◆ TASK ITEM
You are asked to copy the entire listing exactly, apart from its pictures.

◆ DATA FOR THIS EXERCISE
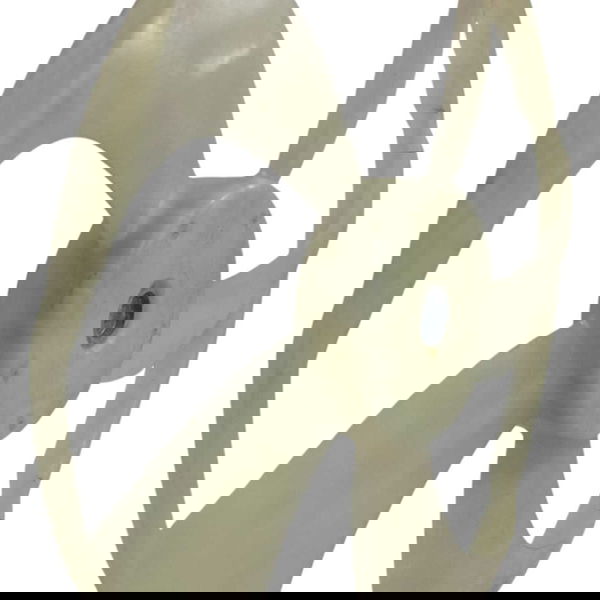 Ventoinha Radiador Toyota Corolla Gli 1.8 Cvt 2017 Detalhe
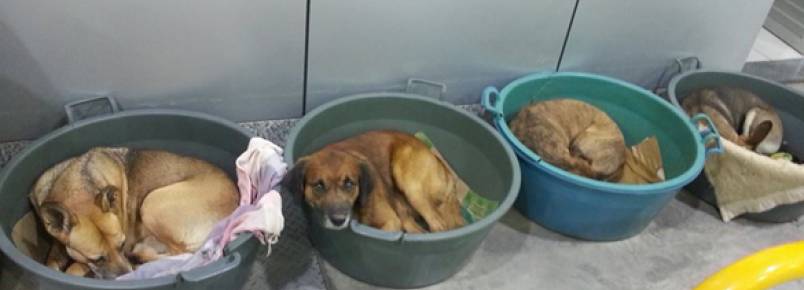 Posto de gasolina acolhe animais abandonados durante o frio em Porto Alegre (RS)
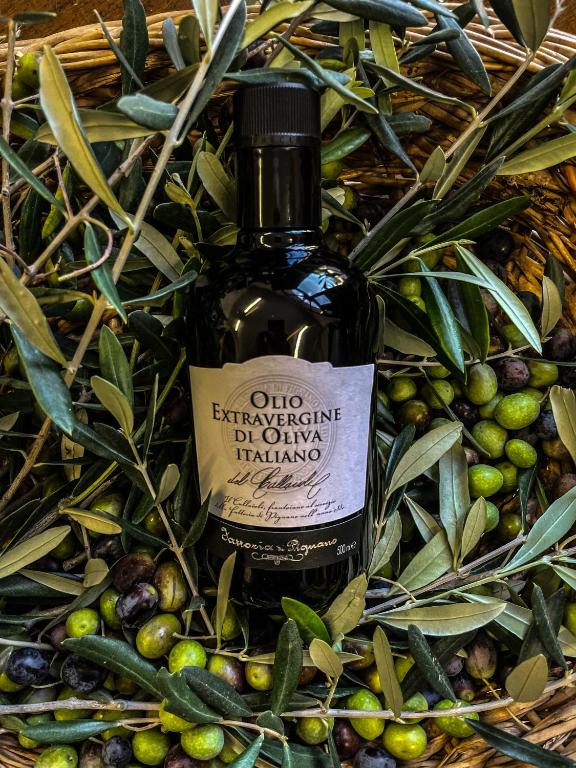 Fotografie z fotogalerie ubytování Borgo Pignano Tuscany v destinaci Pignano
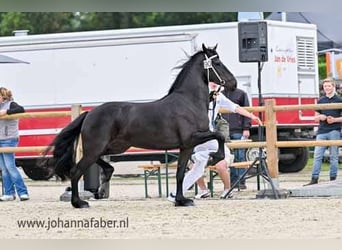 Fries paard, Merrie, 3 Jaar, 163 cm, Zwart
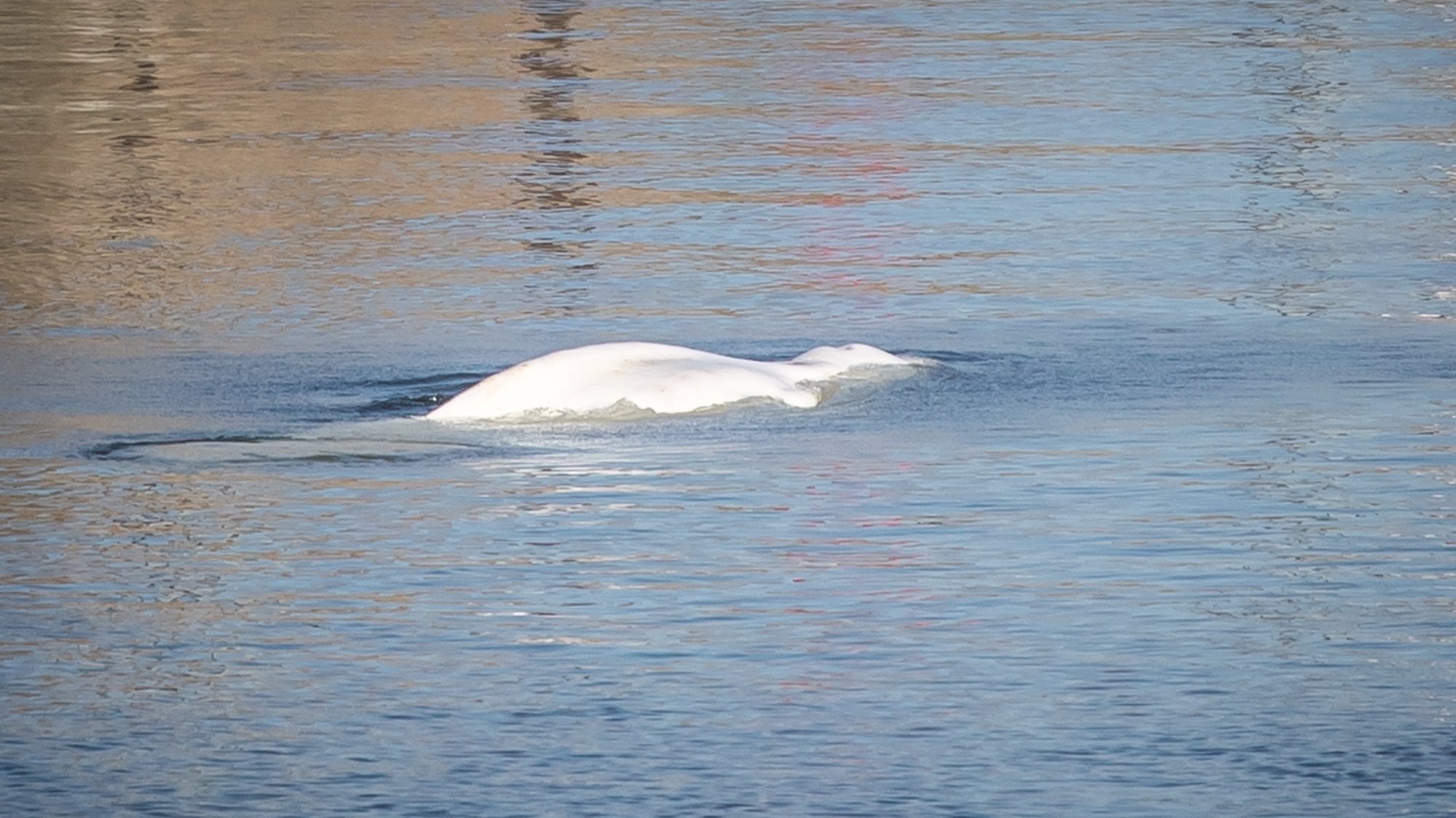 epa10112908 A lost Beluga whale swimming in a lock of the Seine river in Saint Pierre la Garenne, Normandy Region, France, 09 August 2022. The strayed whale was first spotted on 02 August and a rescue operation will be conducted to move the beluga to a salt water basin before an eventual return to the marine environment  EPA/Christophe Petit Tesson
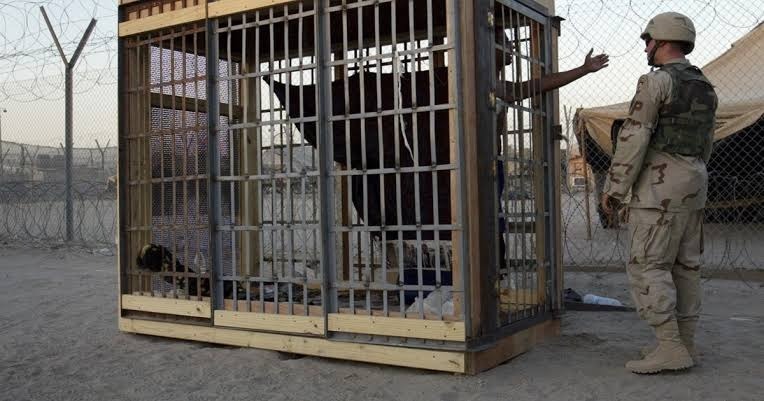 اشغال عراق 2003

◆ SOLUTION BELOW
 Ventoinha Radiador Toyota Corolla Gli 1.8 Cvt 2017 Detalhe
 Posto de gasolina acolhe animais abandonados durante o frio em Porto Alegre (RS)
 Fotografie z fotogalerie ubytování Borgo Pignano Tuscany v destinaci Pignano
 Fries paard, Merrie, 3 Jaar, 163 cm, Zwart
 epa10112908 A lost Beluga whale swimming in a lock of the Seine river in Saint Pierre la Garenne, Normandy Region, France, 09 August 2022. The strayed whale was first spotted on 02 August and a rescue operation will be conducted to move the beluga to a salt water basin before an eventual return to the marine environment  EPA/Christophe Petit Tesson
 اشغال عراق 2003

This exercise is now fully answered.